"""

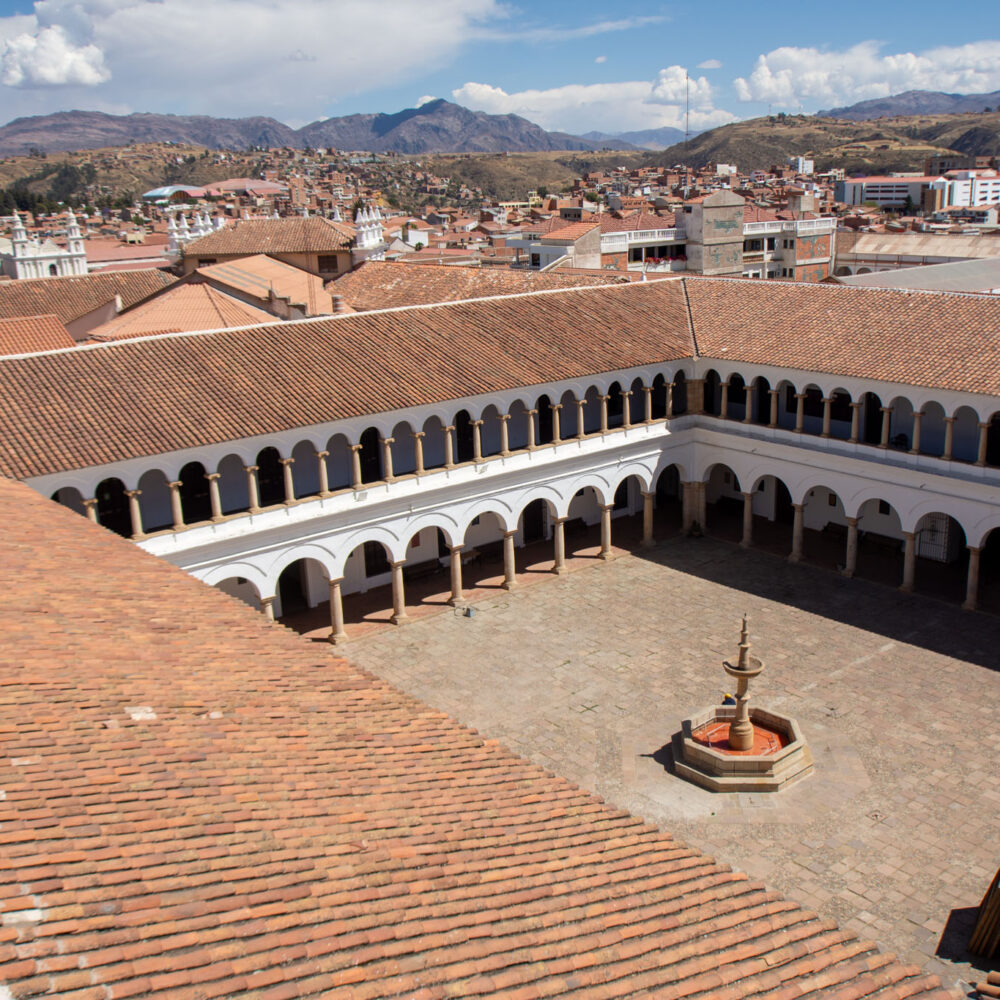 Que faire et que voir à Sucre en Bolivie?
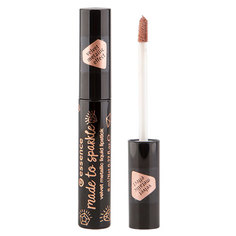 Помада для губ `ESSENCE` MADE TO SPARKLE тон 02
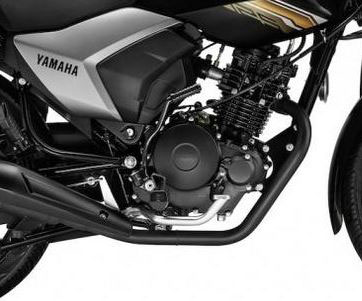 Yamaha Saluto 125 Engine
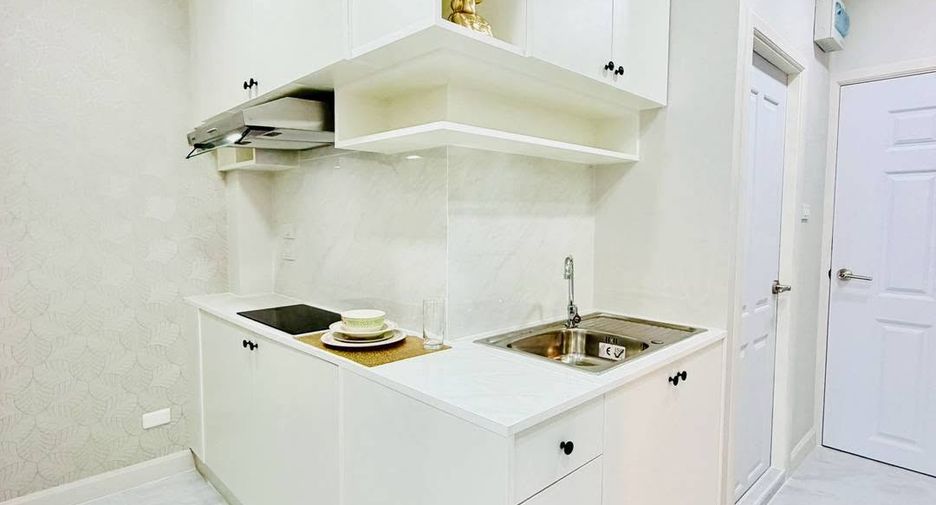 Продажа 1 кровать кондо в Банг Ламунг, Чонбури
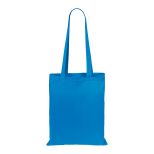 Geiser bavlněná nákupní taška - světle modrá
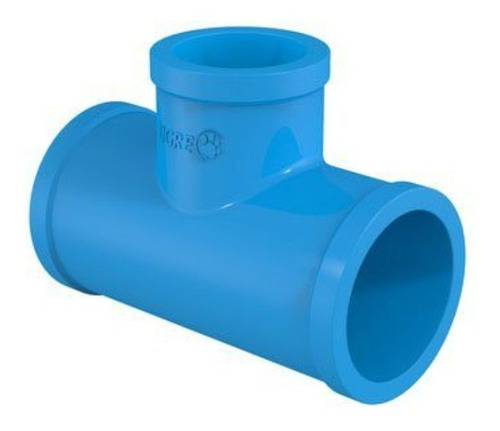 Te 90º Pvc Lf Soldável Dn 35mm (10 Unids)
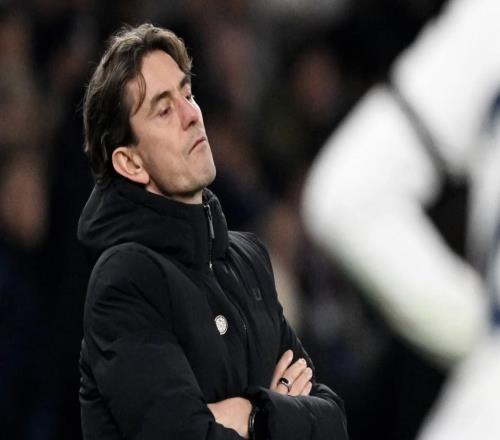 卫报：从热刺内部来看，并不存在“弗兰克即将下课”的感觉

"""

*Task brief*:
From the records given above, reproduce all text exactly and exclude each picture.

*Response below*:
 Que faire et que voir à Sucre en Bolivie?
 Помада для губ `ESSENCE` MADE TO SPARKLE тон 02
 Yamaha Saluto 125 Engine
 Продажа 1 кровать кондо в Банг Ламунг, Чонбури
 Geiser bavlněná nákupní taška - světle modrá
 Te 90º Pvc Lf Soldável Dn 35mm (10 Unids)
 卫报：从热刺内部来看，并不存在“弗兰克即将下课”的感觉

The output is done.